WORK INSTRUCTIONS »
If a line below contains the word "Holder", count it. Please give the total and nothing else.

Collected data entries »
=== Begin Enclosure ===
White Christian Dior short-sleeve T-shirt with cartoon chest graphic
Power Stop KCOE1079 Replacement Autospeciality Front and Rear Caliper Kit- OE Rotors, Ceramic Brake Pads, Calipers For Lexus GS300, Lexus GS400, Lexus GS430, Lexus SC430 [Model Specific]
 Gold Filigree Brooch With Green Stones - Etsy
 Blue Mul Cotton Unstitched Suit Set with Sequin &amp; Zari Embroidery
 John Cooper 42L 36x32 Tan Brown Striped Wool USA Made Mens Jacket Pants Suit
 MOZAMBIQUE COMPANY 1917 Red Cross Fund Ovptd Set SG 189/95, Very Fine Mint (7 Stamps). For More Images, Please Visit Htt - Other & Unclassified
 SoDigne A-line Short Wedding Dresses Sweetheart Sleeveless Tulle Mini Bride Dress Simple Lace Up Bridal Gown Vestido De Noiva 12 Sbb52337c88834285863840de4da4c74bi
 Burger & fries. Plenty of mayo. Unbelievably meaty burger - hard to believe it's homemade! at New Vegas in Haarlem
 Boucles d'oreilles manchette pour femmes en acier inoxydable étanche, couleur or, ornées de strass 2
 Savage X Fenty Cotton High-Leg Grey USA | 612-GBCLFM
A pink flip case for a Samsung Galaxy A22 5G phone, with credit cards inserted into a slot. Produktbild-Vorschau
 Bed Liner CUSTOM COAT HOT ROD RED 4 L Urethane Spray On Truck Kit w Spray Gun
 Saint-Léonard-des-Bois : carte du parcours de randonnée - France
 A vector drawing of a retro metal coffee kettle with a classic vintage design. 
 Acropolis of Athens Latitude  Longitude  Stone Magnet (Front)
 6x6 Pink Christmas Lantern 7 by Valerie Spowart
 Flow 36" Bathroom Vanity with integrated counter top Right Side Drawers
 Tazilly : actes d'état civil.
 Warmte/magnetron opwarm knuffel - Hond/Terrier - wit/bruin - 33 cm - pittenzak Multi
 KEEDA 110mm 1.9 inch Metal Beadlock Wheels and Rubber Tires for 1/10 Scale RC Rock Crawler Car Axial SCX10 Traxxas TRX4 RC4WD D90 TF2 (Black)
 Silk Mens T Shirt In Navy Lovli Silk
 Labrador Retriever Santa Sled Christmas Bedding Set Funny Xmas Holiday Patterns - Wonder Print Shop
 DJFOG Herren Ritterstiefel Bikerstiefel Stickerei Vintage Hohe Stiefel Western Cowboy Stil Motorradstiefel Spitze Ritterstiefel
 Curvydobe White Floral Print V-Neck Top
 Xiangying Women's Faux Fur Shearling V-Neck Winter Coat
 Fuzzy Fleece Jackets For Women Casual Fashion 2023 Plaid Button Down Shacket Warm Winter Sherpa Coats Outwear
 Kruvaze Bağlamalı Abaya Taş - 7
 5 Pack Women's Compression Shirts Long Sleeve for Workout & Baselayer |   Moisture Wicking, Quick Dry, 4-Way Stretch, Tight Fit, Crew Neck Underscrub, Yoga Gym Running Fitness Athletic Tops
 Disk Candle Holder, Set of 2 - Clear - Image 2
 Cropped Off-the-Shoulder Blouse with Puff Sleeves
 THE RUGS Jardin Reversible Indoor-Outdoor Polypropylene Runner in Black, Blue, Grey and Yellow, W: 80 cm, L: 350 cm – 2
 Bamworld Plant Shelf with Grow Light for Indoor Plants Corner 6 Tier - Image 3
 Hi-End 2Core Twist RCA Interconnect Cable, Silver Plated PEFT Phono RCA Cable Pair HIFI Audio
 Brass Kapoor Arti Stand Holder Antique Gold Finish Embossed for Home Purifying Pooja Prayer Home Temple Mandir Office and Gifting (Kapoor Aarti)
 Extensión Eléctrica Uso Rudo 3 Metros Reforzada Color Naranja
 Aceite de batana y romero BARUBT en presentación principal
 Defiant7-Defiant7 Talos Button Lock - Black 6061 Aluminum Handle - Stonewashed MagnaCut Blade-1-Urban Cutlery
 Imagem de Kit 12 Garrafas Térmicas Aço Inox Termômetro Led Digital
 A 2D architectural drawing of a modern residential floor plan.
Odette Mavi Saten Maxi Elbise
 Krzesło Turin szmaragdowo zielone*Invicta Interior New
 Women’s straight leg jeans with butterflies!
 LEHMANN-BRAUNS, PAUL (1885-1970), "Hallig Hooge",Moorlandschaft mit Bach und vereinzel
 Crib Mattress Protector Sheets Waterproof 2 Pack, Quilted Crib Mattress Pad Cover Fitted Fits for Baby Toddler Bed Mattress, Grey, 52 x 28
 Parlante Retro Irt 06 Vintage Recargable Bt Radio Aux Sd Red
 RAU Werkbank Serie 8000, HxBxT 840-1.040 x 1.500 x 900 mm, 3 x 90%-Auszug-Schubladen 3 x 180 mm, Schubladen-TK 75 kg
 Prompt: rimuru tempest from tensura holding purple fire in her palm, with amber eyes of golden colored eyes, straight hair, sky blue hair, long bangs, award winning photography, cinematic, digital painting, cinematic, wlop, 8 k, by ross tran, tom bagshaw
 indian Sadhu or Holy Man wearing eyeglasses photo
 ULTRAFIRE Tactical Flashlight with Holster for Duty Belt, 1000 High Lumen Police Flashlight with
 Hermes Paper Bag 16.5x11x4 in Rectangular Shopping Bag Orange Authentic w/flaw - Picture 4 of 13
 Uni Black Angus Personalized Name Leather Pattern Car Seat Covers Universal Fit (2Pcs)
=== End Enclosure ===
RESPONSE FOR THIS EXERCISE »
2